Records for the exercise below:
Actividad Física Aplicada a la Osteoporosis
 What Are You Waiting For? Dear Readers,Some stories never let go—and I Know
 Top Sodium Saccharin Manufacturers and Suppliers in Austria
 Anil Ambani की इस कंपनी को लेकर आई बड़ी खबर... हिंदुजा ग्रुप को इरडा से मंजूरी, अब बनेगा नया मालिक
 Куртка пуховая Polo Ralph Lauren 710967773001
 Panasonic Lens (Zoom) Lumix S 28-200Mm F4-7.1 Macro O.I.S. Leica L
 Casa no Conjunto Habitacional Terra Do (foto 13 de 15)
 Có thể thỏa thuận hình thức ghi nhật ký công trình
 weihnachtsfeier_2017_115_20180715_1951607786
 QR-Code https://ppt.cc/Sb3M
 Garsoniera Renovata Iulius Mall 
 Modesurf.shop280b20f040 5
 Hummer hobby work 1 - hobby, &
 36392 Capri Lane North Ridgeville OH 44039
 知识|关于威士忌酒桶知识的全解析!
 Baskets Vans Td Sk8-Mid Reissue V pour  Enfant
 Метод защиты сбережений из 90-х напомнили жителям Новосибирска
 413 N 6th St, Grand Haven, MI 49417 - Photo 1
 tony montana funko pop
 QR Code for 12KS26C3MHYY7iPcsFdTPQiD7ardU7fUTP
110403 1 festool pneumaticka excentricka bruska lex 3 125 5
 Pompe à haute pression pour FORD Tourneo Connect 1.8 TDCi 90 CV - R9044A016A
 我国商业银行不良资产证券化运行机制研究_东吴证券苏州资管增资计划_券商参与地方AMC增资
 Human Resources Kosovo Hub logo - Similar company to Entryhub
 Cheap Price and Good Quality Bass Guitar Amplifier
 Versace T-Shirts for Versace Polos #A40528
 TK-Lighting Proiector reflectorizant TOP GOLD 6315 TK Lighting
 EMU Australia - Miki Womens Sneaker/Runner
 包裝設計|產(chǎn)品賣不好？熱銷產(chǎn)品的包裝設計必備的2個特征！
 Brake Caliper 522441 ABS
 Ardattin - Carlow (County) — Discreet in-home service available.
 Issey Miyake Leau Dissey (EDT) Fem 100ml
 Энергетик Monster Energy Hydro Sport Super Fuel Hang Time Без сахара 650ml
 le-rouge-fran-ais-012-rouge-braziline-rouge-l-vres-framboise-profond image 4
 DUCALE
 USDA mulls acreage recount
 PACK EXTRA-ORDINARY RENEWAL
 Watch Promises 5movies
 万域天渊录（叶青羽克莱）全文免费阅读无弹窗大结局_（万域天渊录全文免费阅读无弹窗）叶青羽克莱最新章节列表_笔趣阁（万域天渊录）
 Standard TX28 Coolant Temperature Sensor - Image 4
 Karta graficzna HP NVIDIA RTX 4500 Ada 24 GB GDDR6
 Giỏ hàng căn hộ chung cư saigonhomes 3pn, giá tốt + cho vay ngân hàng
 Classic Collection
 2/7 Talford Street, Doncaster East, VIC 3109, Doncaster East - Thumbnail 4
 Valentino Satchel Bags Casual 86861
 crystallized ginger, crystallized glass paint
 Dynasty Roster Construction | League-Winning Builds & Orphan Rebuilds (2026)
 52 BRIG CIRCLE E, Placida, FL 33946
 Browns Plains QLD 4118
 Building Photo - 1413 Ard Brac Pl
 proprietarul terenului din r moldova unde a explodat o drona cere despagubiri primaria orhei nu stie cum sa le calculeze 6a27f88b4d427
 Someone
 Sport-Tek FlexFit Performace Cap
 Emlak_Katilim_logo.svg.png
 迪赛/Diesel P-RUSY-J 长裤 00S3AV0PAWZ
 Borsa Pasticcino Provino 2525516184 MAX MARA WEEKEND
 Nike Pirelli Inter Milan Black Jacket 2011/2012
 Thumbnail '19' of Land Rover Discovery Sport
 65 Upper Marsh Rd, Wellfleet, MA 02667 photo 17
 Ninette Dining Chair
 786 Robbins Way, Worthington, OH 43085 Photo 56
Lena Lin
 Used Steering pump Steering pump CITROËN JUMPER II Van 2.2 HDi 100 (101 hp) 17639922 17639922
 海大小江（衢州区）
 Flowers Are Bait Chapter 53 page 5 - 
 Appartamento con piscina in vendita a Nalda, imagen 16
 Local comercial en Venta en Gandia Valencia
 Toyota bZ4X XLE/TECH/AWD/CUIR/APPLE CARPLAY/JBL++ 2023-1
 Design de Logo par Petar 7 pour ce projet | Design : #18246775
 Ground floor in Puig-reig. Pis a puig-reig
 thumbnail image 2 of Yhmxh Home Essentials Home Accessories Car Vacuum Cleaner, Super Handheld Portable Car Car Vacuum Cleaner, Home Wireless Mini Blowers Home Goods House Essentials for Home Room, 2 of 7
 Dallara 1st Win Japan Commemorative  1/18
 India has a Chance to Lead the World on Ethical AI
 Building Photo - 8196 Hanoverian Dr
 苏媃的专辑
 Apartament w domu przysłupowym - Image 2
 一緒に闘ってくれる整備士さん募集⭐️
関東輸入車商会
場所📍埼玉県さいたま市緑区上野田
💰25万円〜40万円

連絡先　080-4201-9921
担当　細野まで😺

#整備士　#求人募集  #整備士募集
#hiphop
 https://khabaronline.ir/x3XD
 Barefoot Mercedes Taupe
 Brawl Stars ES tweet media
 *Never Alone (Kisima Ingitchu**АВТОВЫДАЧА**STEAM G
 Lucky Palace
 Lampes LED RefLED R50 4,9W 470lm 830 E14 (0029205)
End of Records for the exercise.
Task brief =>
Write out every line, unchanged, from the one containing "Lucky Palace" through the closing line of the data.

Task result =>
 Lucky Palace
 Lampes LED RefLED R50 4,9W 470lm 830 E14 (0029205)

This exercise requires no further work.